I like to think of a corporation as a bit of a pyramid, in this case. Shareholders are the owners; they are people who have an ownership stake, who have shares and equity in the company. They own shares; that's what makes them Shareholders. Some people call them stock holders, but it's the same thing. Shareholders, at their meetings, will elect Directors of the company. The Directors or the people who sit on the board of Directors are the individuals that really steer the governance of the company. In other words, they steer the direction of the company as to where it's going to go and what type of business it should be in; the very big overarching decisions of where the corporation is and what it is. Then Directors at their meetings, be they annual, quarterly, or special, will then in turn elect the Officers of the company. Those Officers could be presidents, vice presidents, CEOs, treasurers, or secretaries. Typically in the common parlance of corporate talk, the board always has to elect at least three Officers. Someone has to be president, someone has to be treasurer, and someone has to be the secretary or the clerk.
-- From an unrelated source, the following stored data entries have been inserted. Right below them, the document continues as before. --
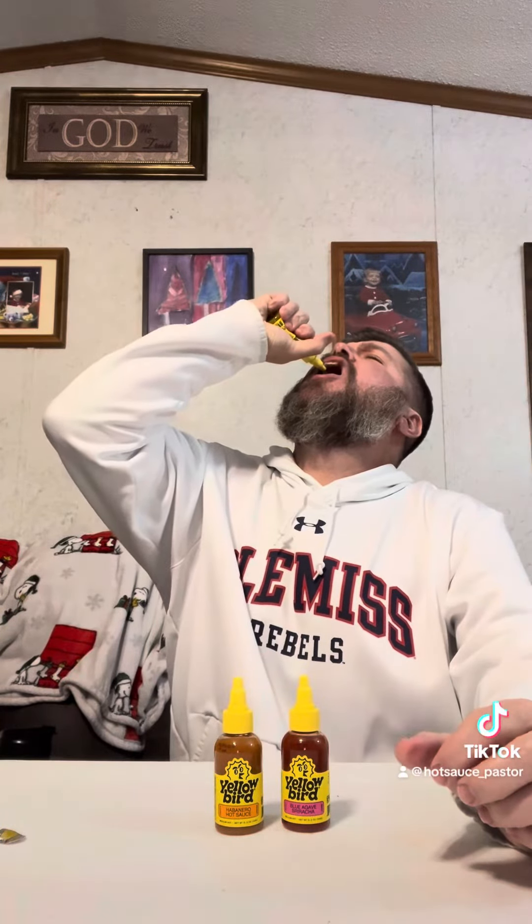On the nose, it smells good — it's got a good smell. On the taste, it's got that peppery taste. It's not that hot because it's a serrano pepper. It's a little tingly to me because I haven't done a hot sauce review in seven months, so my hot sauce tolerance is not what it was. I may get the hiccups from it — I can feel them coming.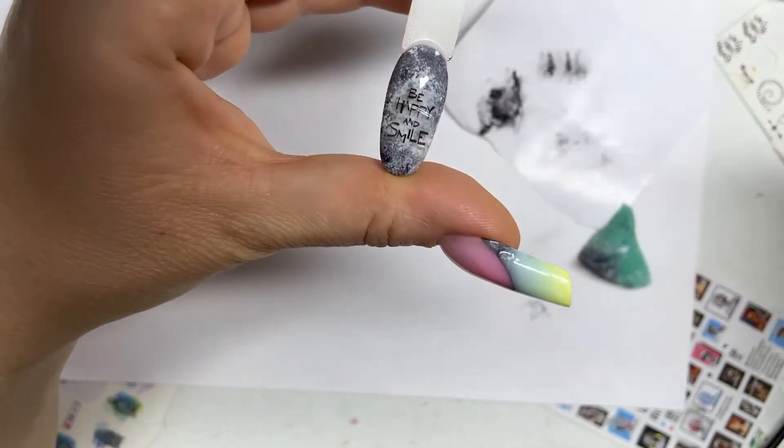Now our design is clearer and more expressive. We cover the whole tip with a top, dry and outline the design with a silver gel paint. You can think of another pattern and choose a different wax or pigment.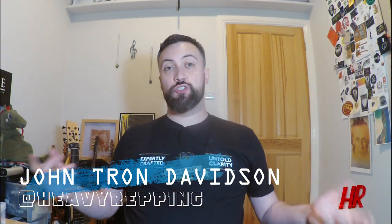Good evening ladies and gentlemen, and welcome back to Heavy Repping. My name is John Tron Davidson, and I'm here once again in our beautiful chicken best super mega ultra best test location in the south west of England. For this week's video I'm making a return to the Sunday Special, which got put on hold for a time because it wasn't on down at the brewery that I play at, but this week we returned.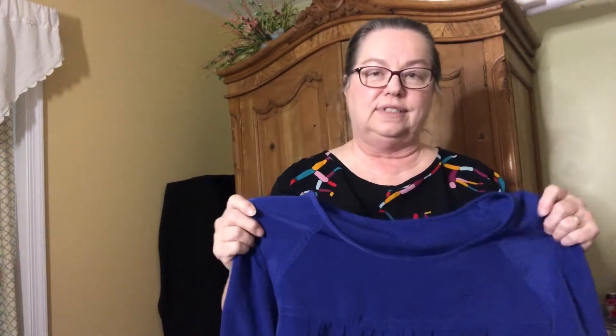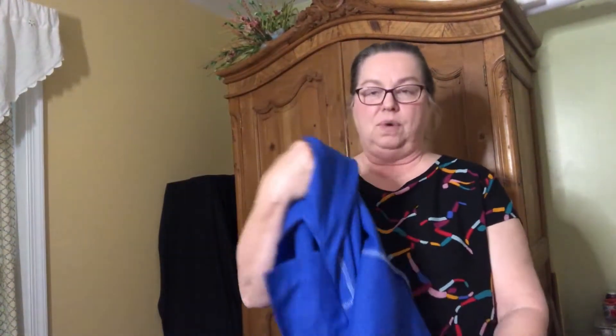When I first laundered it, the sizing hadn't completely come out and the gathers were still a bit stiff. I washed it in cold water and hung it to dry — even though it's polyester I didn't want the color to fade. After a third washing I noticed it had really softened up and has a nice little flow to it. I really like this top and would definitely make it again.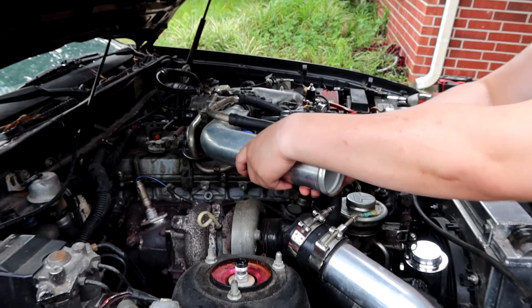Alright guys, so turbo's all in, everything's done. It actually sounds amazing now - everything sounds good, it sounds healthy. But as I was about to show you guys how it feels driving around, my heater core control valve broke. So you guys are not getting a ride along anymore. Turbo's in, everything else is good. This should only take like two minutes once I go get the part. But other than that, hope you guys enjoyed the video - like, comment, and subscribe, and we'll see you guys next time.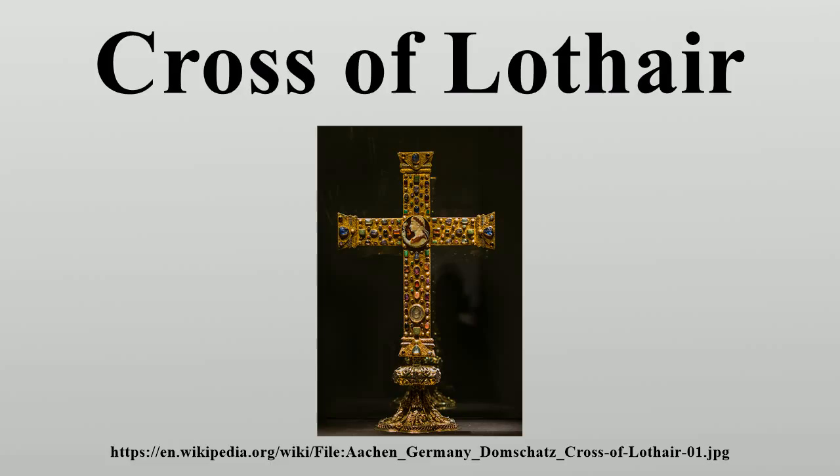The reverse side of the cross is a plain gold plate engraved with the crucifixion of Jesus, with above it the hand of God holding a victor's wreath containing the dove of the Holy Ghost. Here this represents God the Father's acceptance of Christ's sacrifice. This is the earliest known appearance of the dove in this motif, which introduces the whole Trinity into a crucifixion — an iconography that was to have a long future.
It's really funny because in many corporations when there's only one person, all three officers are the same person; there's one Shareholder, one board member, and one Officer who does three different Officers' jobs. So, in the common way that we do and view corporations now it's not always that cut and dry that that person does all of those duties. The further step down is that those Officers are typically in charge of hiring employees that do most of the day to day work, in a much larger corporation. So, I look at it as a big ship, and I'm a former NAVY guy, so it makes it easy for me. The U.S. Navy owns a ship; the U.S. Navy is the Shareholder, and the ship is the corporation. Then, there's probably some big admiral somewhere that says where the ship should be going and he/she is saying "You need to be going this way or that way". That's like the Directors. Then you have the people on the ship who are actually making it happen, and those are the Officers and the employees. So, if they all work together the ship stays afloat, it goes to the right spot, and then the Shareholder makes a whole bunch of money. That's what everyone wants, isn't it?